Pretrial Diversion Program
Can’t Require Charitable Gift
State law requires that fines be paid
to government, not to anyone else
Twenty five students from Miami (Ohio) University were offered, and accepted, a pre-trial diversion program after they had received citations for misdemeanor criminal offenses involving alcohol. They accepted a deal whereby they would plead guilty and pay court costs, complete 30 hours of community service, attend a two-day alcohol education program and contribute $100 to either the Law Enforcement Trust Fund or the Respect for Law Camp. After they completed the program, the Court dismissed their charges and sealed their records.

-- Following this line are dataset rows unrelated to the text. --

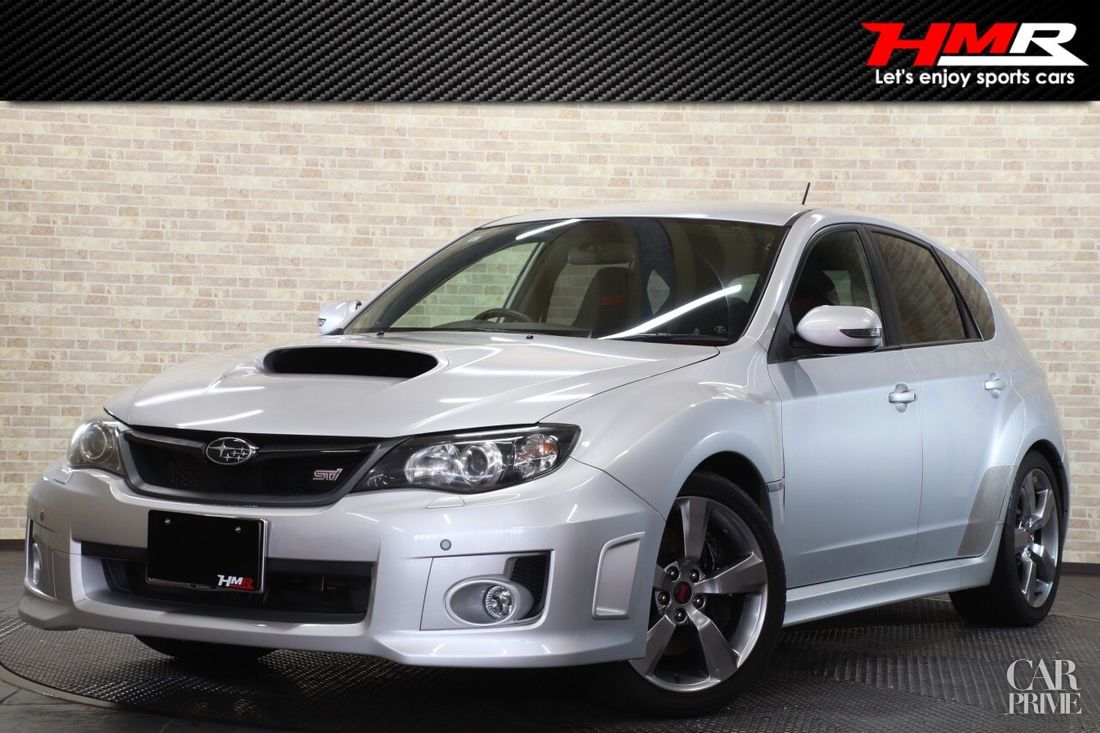 H.23(2011)年 スバル インプレッサハッチバックSTI 2.0 WRX 4WD ノーマルコンディション 純正18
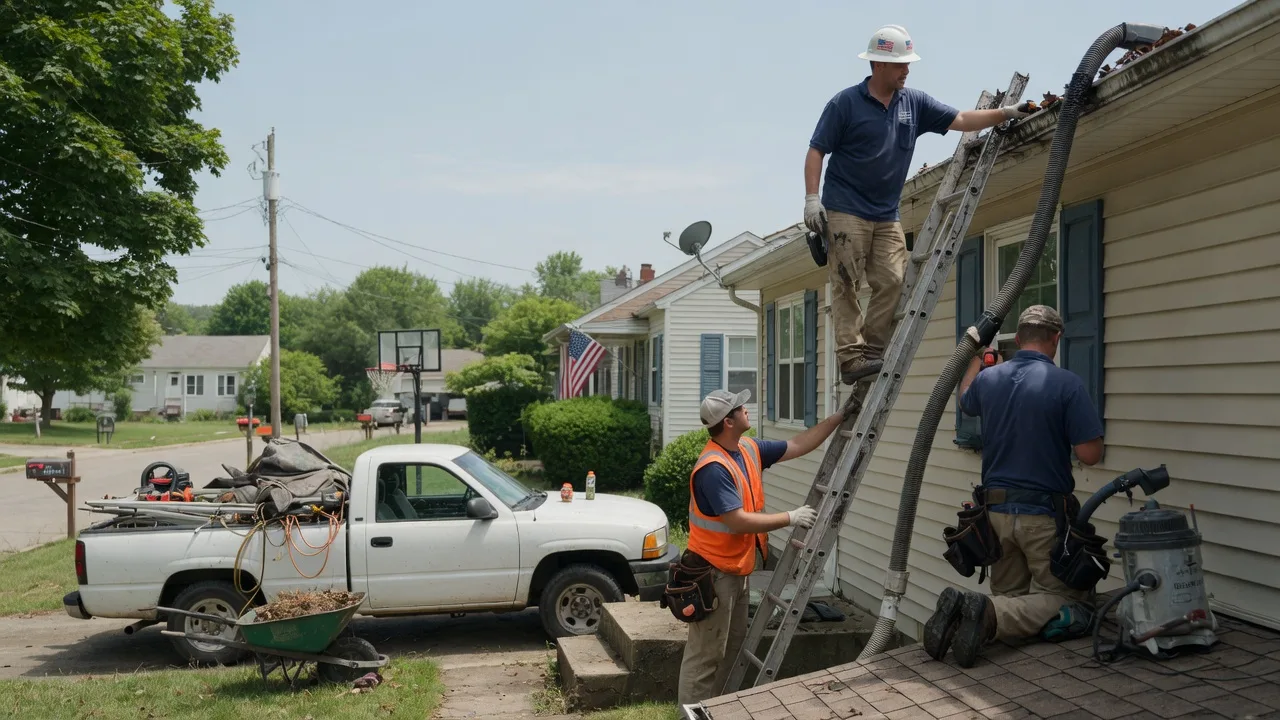 Gutter Installation in Vintondale, PA near me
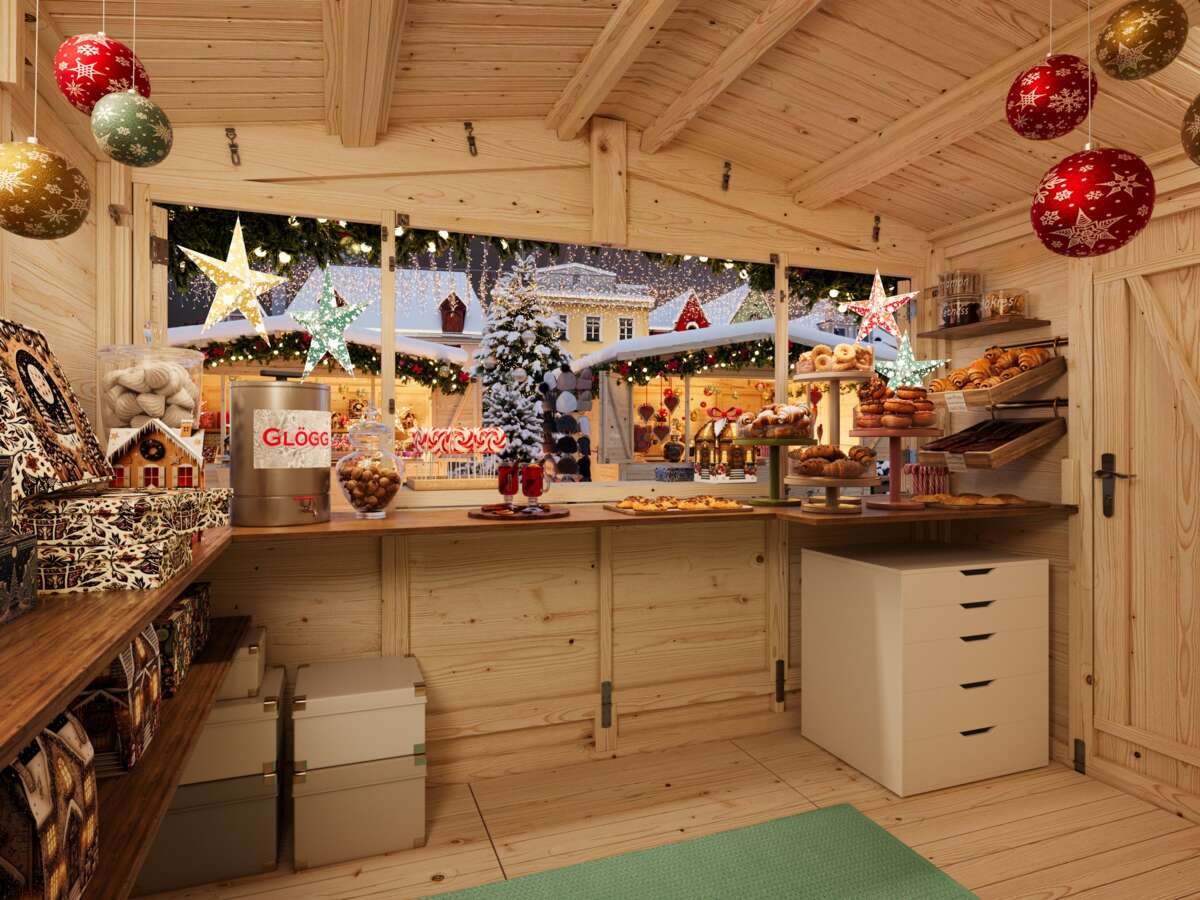 Palmako Marian kiosk 6,8 m2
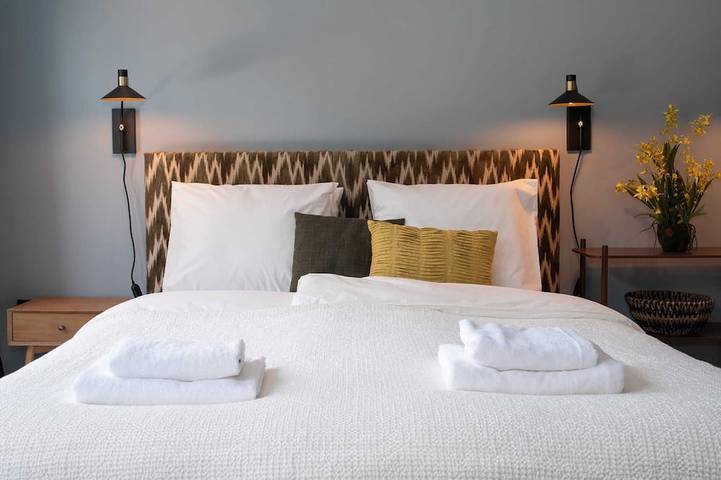 Six Boutique Hotel - Deluxe Quadruple Room in Haarlem, Mer du Nord Pays-Bas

The students nevertheless sued the county prosecutor, an assistant prosecutor, several county courts and court employees and the nonprofit organizations that provided the alcohol counseling. The students argued that the program violated the law.

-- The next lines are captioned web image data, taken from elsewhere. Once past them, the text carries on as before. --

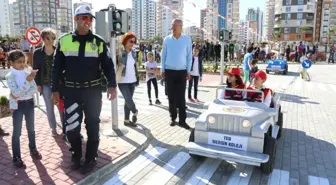 Türkiye'nin En Kapsamlı Trafik Eğitim Parkı Mersin'de Hizmete Girdi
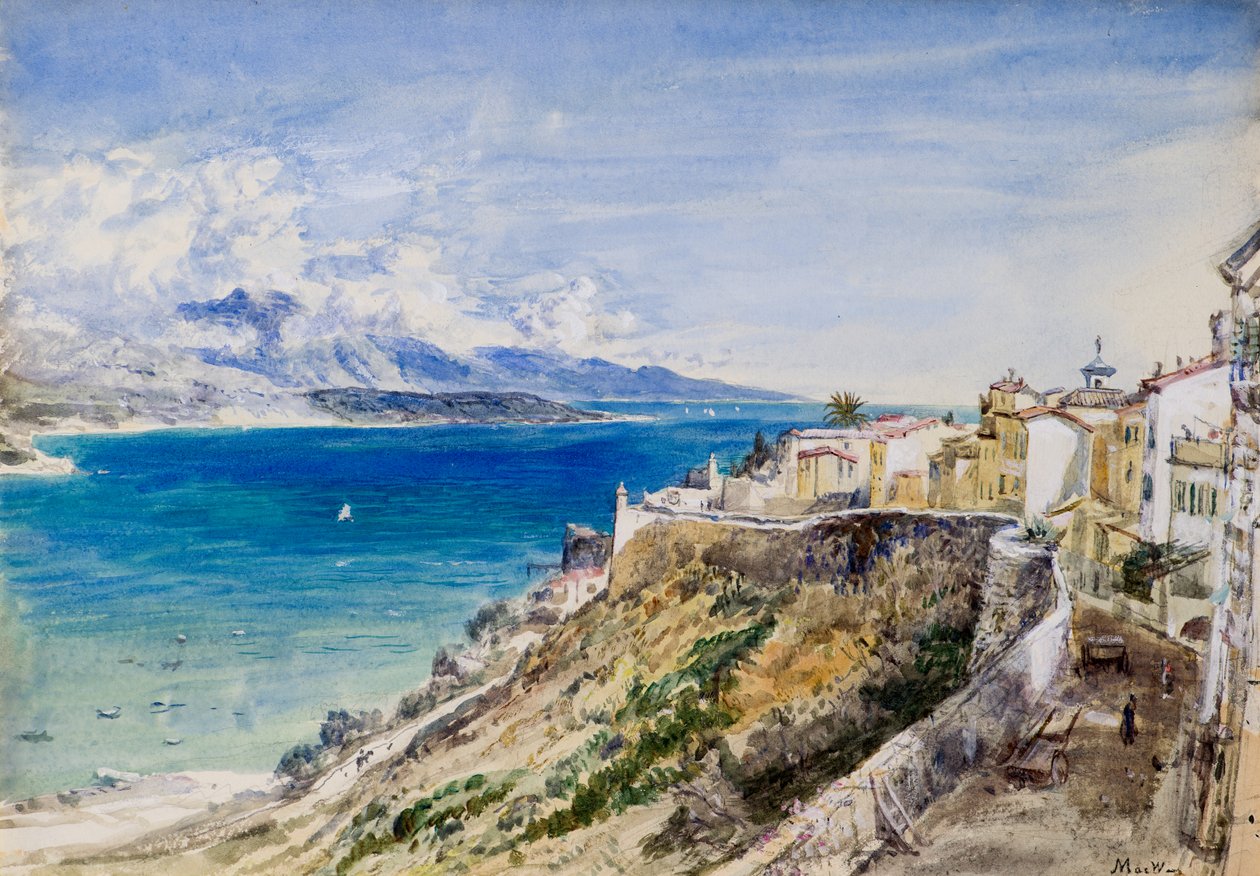 Sicilia av John MacWhirter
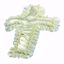 Picture of Ivory Satin Cross W/ Ribbon Edge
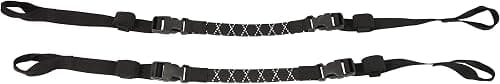 WILD HEART Quick Install & Remove Straps 4+2 Heavy Duty Straps (Black) on Amazon - Best Deal Finder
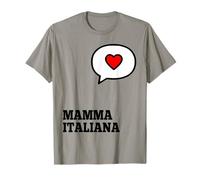 Italia Día de la Madre Italiana Mamá Camiseta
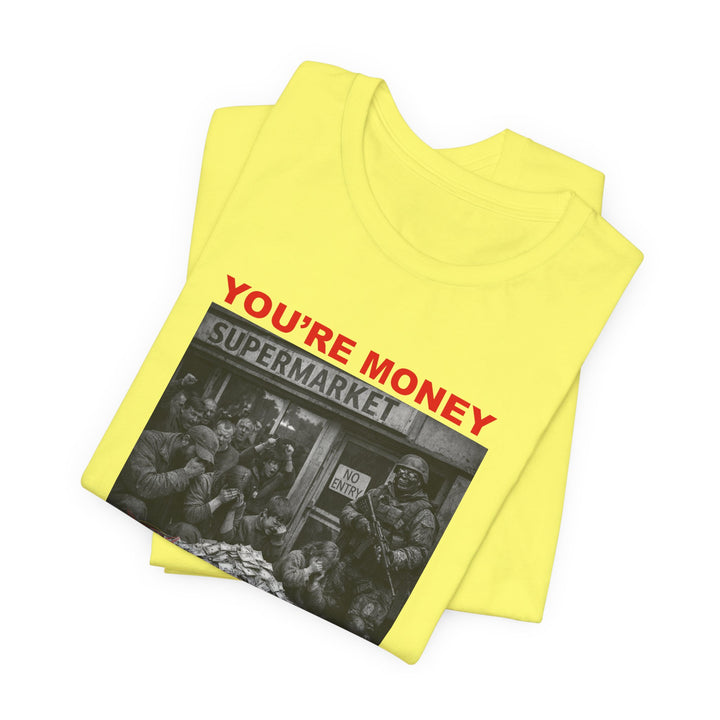 NWO Bad Money          Unisex Jersey Short Sleeve Tee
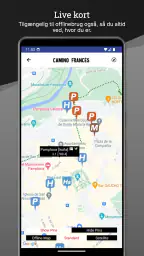 Wise Pilgrim Camino Francés screenshot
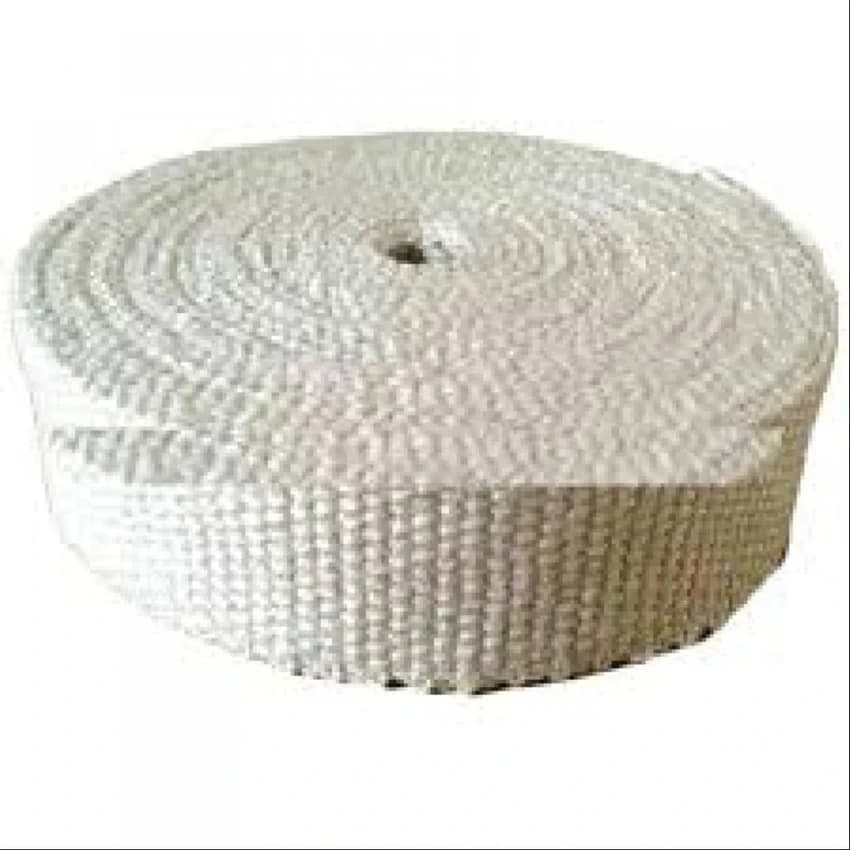 White Asbestos Webbing Tape, Packaging Type: Roll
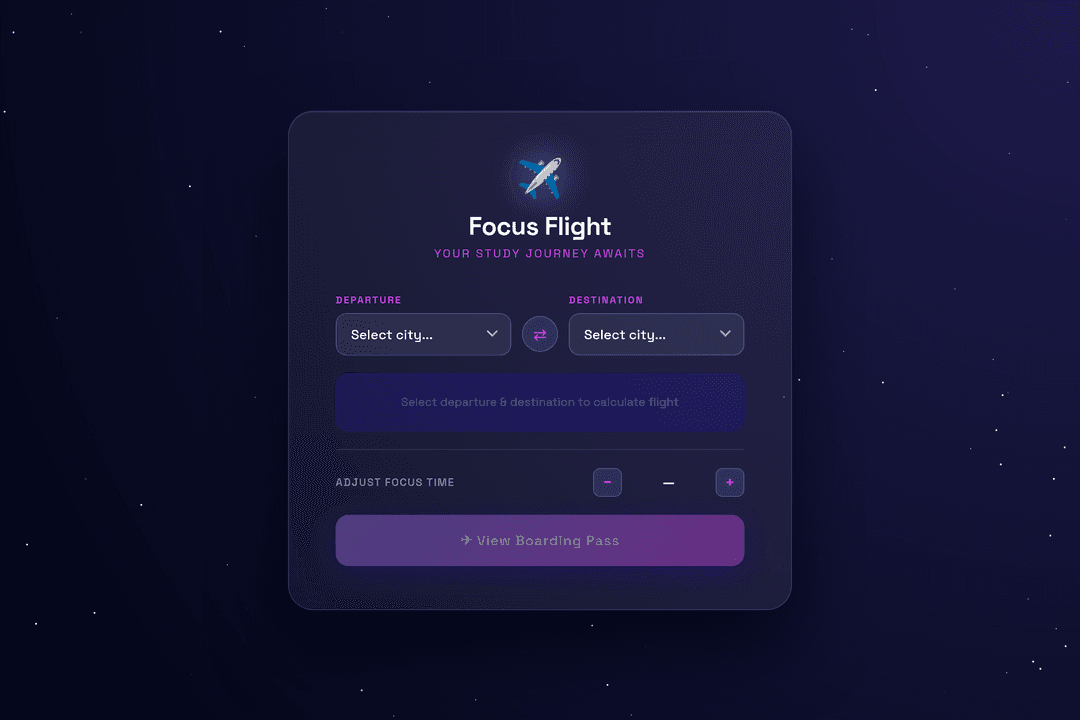Flight Simulator Timer (copy)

A county court dismissed their claim and an appellate court has affirmed. The appellate court ruled, however, that the requirement to contribute to one of the two charities was improper and could not be included in any future program. (Lane v. Phillabaum, Ct. of App. OH, 12th App. Dist., Butler Co., No. CA2007-09-217, 5/27/08.)
State law requires an officer who collects a fine to pay it into the treasury of the county in which the fine is assessed. Prior decisions have ruled that a requirement to make a donation is essentially the imposition of a fine and there was no authority to order the students to make the contributions to charity. Although it was “too late” for the students to ask for their money back, the Court warned the county to drop that portion of the program in the future.
YOU NEED TO KNOW
This decision is consistent with decisions elsewhere holding that courts have no authority to order “contributions” to charities in criminal sentences. Community service is considered appropriate, but cash usually has to go to the government. (See Nonprofit Issues®, January 2001, and March 16, 2005.)